Чевенгуровцы, никогда не имевшие семейных, родовых корней, не знающие, что такое дом, деградировали полностью, утратили даже внешние национальные признаки.

“Какой же ты нам пролетариат доставил, скажи, пожалуйста? — обратился он (Чепурной) к Прокофию.— Это же одно сомнение, и они нерусские”. Прокофий взял знамя из рук Чепурного и прочел про себя стих Карла Маркса на нем. “Ого — не пролетариат! — сказал Прокофий.— Это тебе класс первого сорта, а ты его только вперед веди, он тебе и не пикнет. Это же интернациональные пролетарии: видишь, они не русские, не армяне, не татары, а — никто! Я тебе живой интернационал пригнал, а ты тоскуешь...” И Прокофий Дванов прав: этих людей, настрадавшихся бродяг, можно вести куда угодно и на что угодно. Никто “не пикнет”. Герои “Чевенгура” у Платонова — жертвы, а не преступники, жертвы доведенной до абсурда идеи, превратившейся в новую религию. И ни у кого сейчас не поднимется рука бросить камень в это безгласное российское племя, приведенное проповедниками новой веры в рай учрежденного коммунизма. Подлинный трагизм “Чевенгура” и последовавшего за ним “Котлована” в том, что они созданы бывшим, но прозревшим чевенгурцем, причем оба произведения написаны не со злобой и презрением к великому и несчастному народу, а с горечью и состраданием к нему.

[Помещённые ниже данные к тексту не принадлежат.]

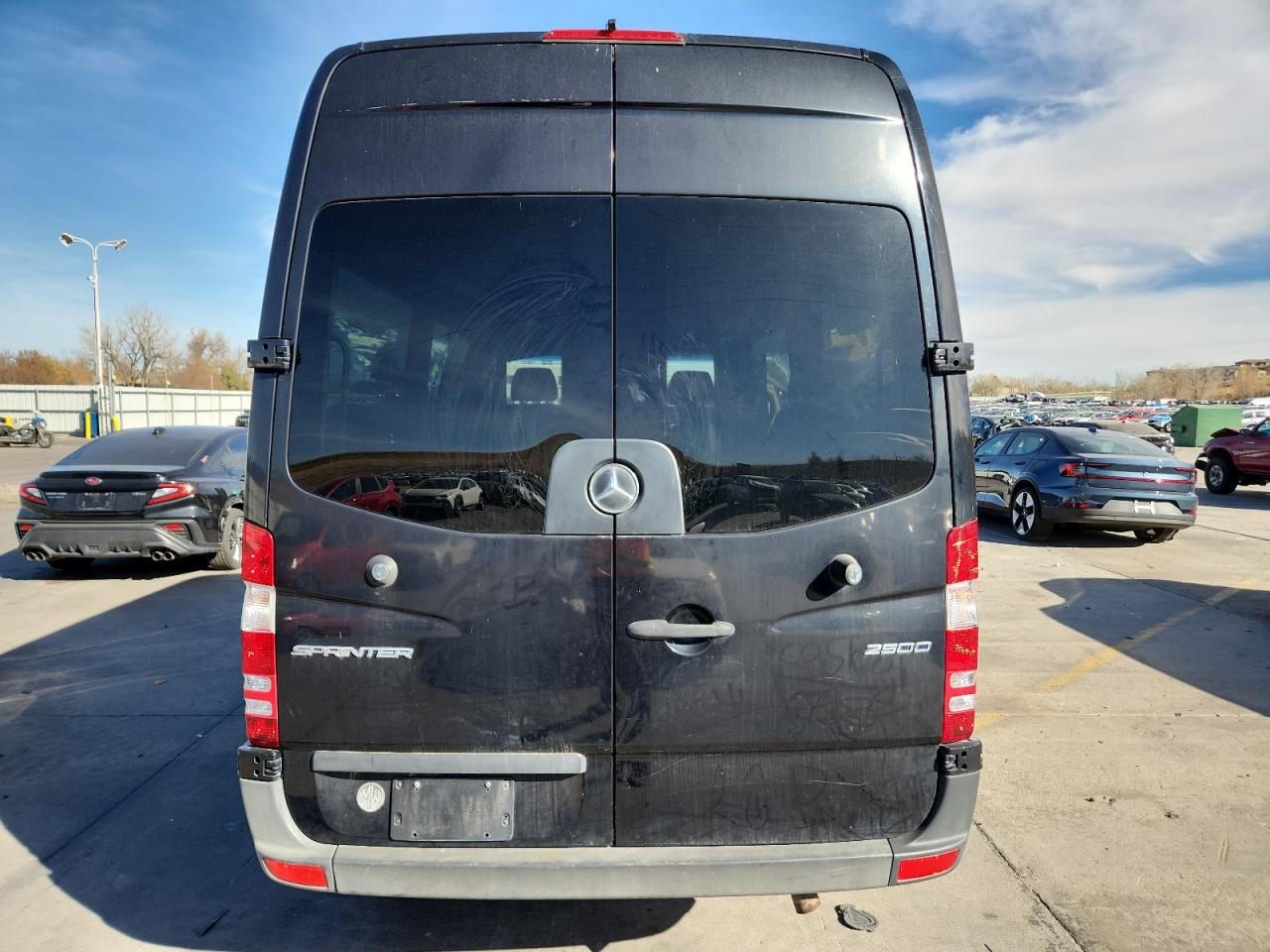 2017 Mercedes-benz Sprinter 2500 Black vin: 8BRPE7CD4HE131727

Понадобилось почти 60 лет. чтобы главные произведения Платонова — “Чевенгур”, “Котлован”, “Ювенильное море” — увидели свет, а читатель увидел мир, каким он открылся писателю на драматическом рубеже конца двадцатых—начала тридцатых годов XX века.

Потребовался определенный уровень развития демократии, чтобы Платонов был опубликован. Чтобы теперь он был понят, нужно зрелое и мужественное общественное сознание. Это особая задача, потому что чтение Платонова не только многотрудно, но и радостно, ибо теперь уже очевидно, что так долго и тщательно скрываемый от советских читателей Андрей Платонов — мудрый писатель, творчество которого заставляет многих задуматься над сущностью советской системы. Разве сегодня не звучат злободневно слова писателя, сказанные им в 30-е годы закончившегося столетия: “Чтобы истреблять целы; страны, не нужно воевать, нужно лишь так бояться соседей, так строить военную промышленность, так третировать население, так работать на военные запасы, что население все погибнет от экономики безрезультатного труда”.